When the need for cyber security first emerged, security practitioners attempted to mirror best practices from the physical domain by isolating and safeguarding critical data and information infrastructure. But with up to 60 per cent of attacks coming from within, attempts to isolate infrastructure from outside enemies are futile – while infrastructure relies on communication with other systems for efficiency and maintenance.

“So security practitioners responded in the same way as people attempting to thwart attacks since the Middle Ages, by constructing walls – firewalls for the cyber domain. However, we have learned throughout history that an adversary will find a way to circumvent security measures, including bypassing firewalls. Antivirus software was then introduced and widely installed. Yet this did not provide the level of security originally envisioned, as an adversary could develop new viruses capable of evading antivirus software.”

It is clear, he says, that attempts to defend against cyber threats have largely failed, as new ways are continually found to circumvent measures or attack infrastructure. Since focusing on defence will always fail against a determined adversary, a new cyber protection paradigm is needed.

For critical infrastructure, that is provided by industrial control systems (ICS) which have evolved to become some of the most sophisticated technologies available. If ICS can protect against all known scenarios, there should be no real threat from nations, hostile groups or individuals to critical infrastructure managed by those systems.

“For example, driving a car without coolant could eventually destroy the engine. But if the car is managed by a control mechanism, a warning that the car is overheating should appear on the dashboard indicating that you should refill the coolant. Even if you ignore the dashboard warning, more modern cars will take measures automatically to prevent you from destroying the engine.”

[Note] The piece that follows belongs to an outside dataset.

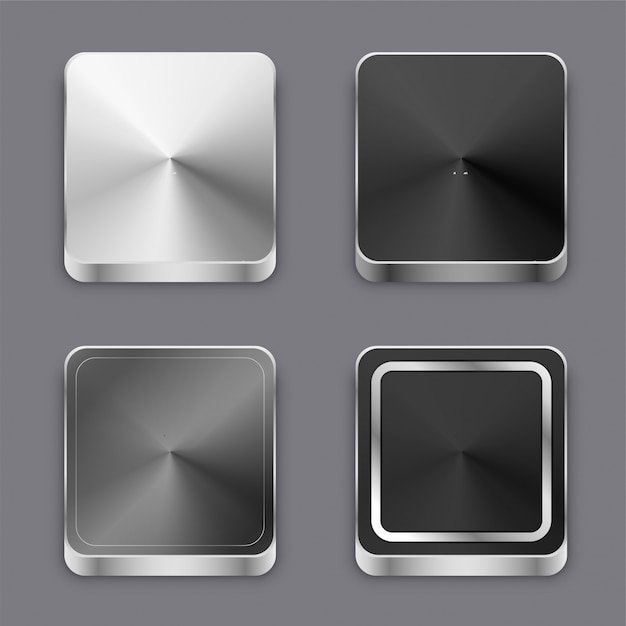 Free Vector realistic 3d brushed metal buttons or icons set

The same principle may be applied to critical infrastructure. If a threat is detected, the ICS has the capability to alert relevant channels to take appropriate countermeasures. However, this measure is only successful if the ICS accurately understands the threat and not been fooled into believing that there is no actual threat.”

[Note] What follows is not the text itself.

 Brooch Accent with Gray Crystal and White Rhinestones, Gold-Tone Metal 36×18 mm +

For example, Stuxnet, a malicious computer worm, was used in 2010 to target the industrial computer systems of Iran’s nuclear programme. It is likely that this worm had the capability to deceive industrial control systems and malware detection, making it virtually undetectable. While this capability was once only in the hands of cyber superpowers, today it is probably in the hands of hostile countries, entities and other radicals looking to carry out large-scale infrastructure attacks.

Doron Bergerbest-Eilon argues that not only have adversaries proved their ability to consistently breach cyber defences but that they may also be able to circumvent the most advanced technologies, specifically industrial control systems. This could allow them to destroy infrastructure and cause mass casualties, with serious economic consequences.

His new paradigm would therefore always assume that malware is already inside a system and take steps to protect the integrity of information fed into the ICS – in order to prevent deception that could stop the system from providing optimal cyber protection.